People may think there’s not much room for love when they’re fighting for the truth…but love is the foundation supporting this text and the truth for which we fight.

We all understand that love is one of the greatest attributes of a Christian…but also know that real love takes a special kind of courage  If you check out 1 John 4:8, you’ll find these words: “Whoever does not love does not know God, because God is love.”

That’s as plain as the nose on your face.  If you can’t love…you’re not a Christian…because God is love.

Paul doesn’t use the word love in our text…but he doesn’t have to.  It’s obvious.  The way he describes Epaphroditus and his concern for him shows what Christian love is all about.  It shows the church’s love for Epaphroditus…and it shows his love for the church…and for Paul.

Epaphroditus became very ill…even to the point of death…and he was homesick for his church.  In today’s world he would be considered a rare bird…because he actually missed being in his home church…and he didn’t want the people there to be worried about him.

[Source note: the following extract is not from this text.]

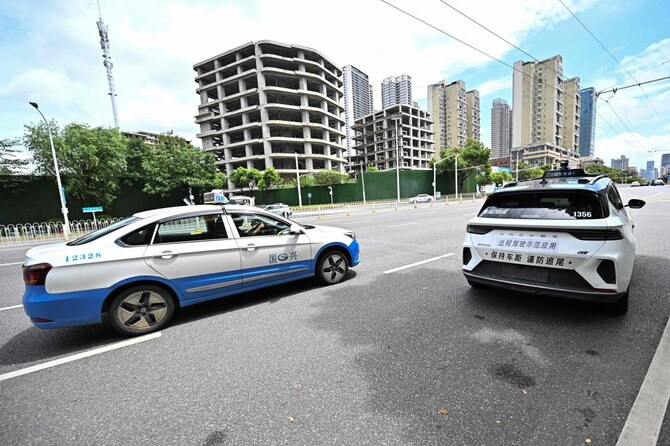 上：中国湖北省武漢市の路上で、タクシーの横を走行するロボットタクシー。(AFP＝時事）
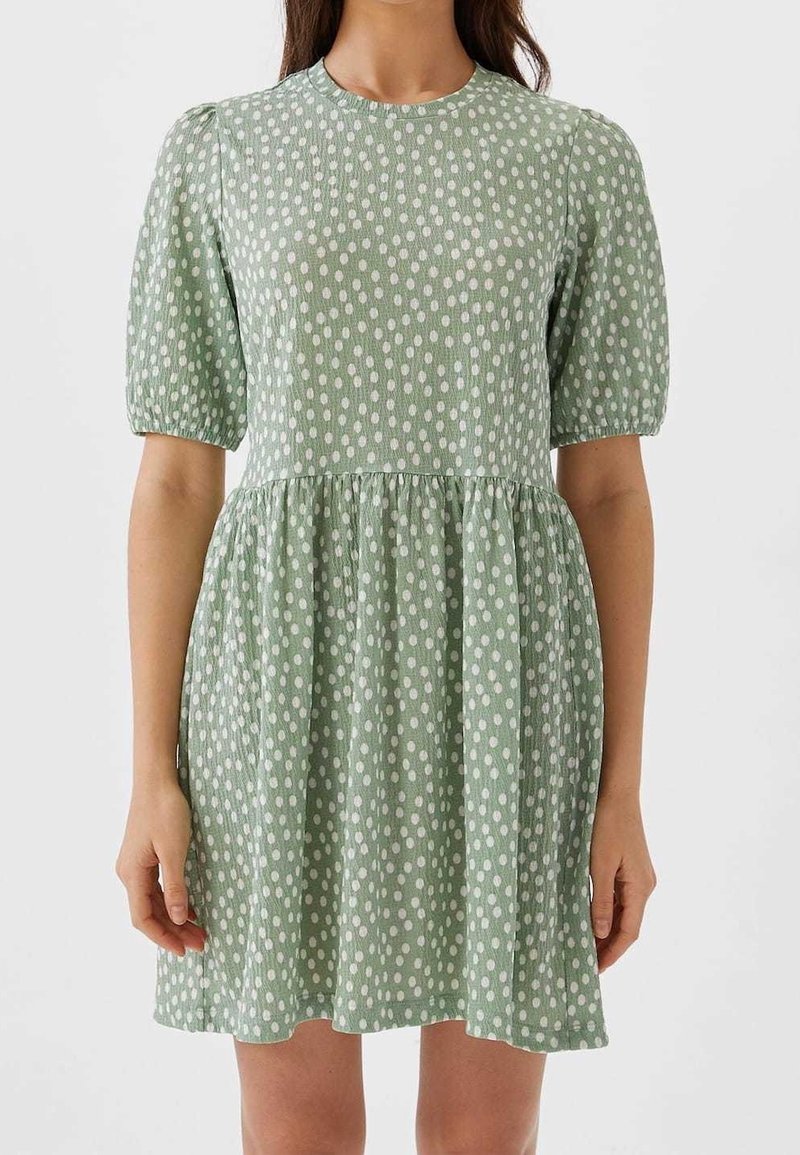 Femme portant une robe courte à manches courtes de couleur vert clair avec des pois blancs irréguliers et une taille froncée, debout sur un fond uni.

Everyone in our text…Paul, Epaphroditus and the members of the church at Philippi…had a heaviness within them…which literally means that they were in distress about each other.  This shows how much they all loved each other…and it begs the question…do we have that kind of compassion for our brothers and sisters in Christ?  Do we really care when they’re in agony?

Think about it in this way: if someone was writing your biography…would they describe you as compassionate?  Those of us who are Christians are supposed to be compassionate…but are we?  In 1 Peter 3:8-9, we find these words: “Finally, all of you, be like-minded, be sympathetic, love one another, and be compassionate and humble.  Do not repay evil with evil or insult with insult.  On the contrary, repay evil with blessing, because to this you were called so that you may inherit a blessing.”

In verse 28, Paul describes a consoling love.  He showed love and concern for the church at Philippi…and he showed love for Epaphroditus by sending him back to the church at Philippi.  He knew that by doing that the church members there would rejoice…because Epaphroditus…apparently…was a person who brightened the day for others by just being around them.

You know what I mean.  When some of our members with health issues show up for supper, Bible study or worship…we feel joy because they lift us up.  They may be experiencing unbearable pain…but their presence gives us joy.

Hopefully, you’re one of those people who make others feel better when they’re around you.  I think that’s the kind of person Epaphroditus was…a person with the kind of selfless love that lifted up everyone who was around him.  We should all strive for that kind of consoling love.

So in our text we find compassionate love…consoling love…and also committed love.  In verse 29 Paul wrote this about the love commitment of Epaphroditus: “So then, welcome him in the Lord with great joy, and honor people like him…”

Paul explained why the church at Philippi was to honor Epaphroditus with these words in verse 30: “…because he almost died for the work of Christ.  He risked his life to make up for the help you yourselves could not give me.”

That’s quite a testimony.  This man’s love and commitment to Christ was even greater than his love and commitment to his brothers and sisters in Christ…which Paul tells us is why he became sick to the point of death.  He gave up himself…his wants and his health…for the work of Christ.

This is one of the greatest examples of a devoted Christian that is found in the Word of God.   Each of us has to ask…”How does my life reflect the elements of this man’s testimony?”

Epaphroditus…selfless brother, servant and soldier…willing to give his life for the opportunity to share the Gospel of Jesus Christ.  Now that’s a testimony.

If the Holy Spirit is calling you to be an Epaphroditus…accept the challenge.  Don’t concern yourself with what the people around you are doing…do what God calls you to do.

It doesn’t matter how old you are…or how young you are…or what your health issues are.  Become a servant of God…and a soldier of one.  Receive the blessing that God wants to bestow upon you.  When you exit this life…leave the kind of legacy that Epaphroditus did.

You have that opportunity today…as we stand together and sing “Just as I Am.”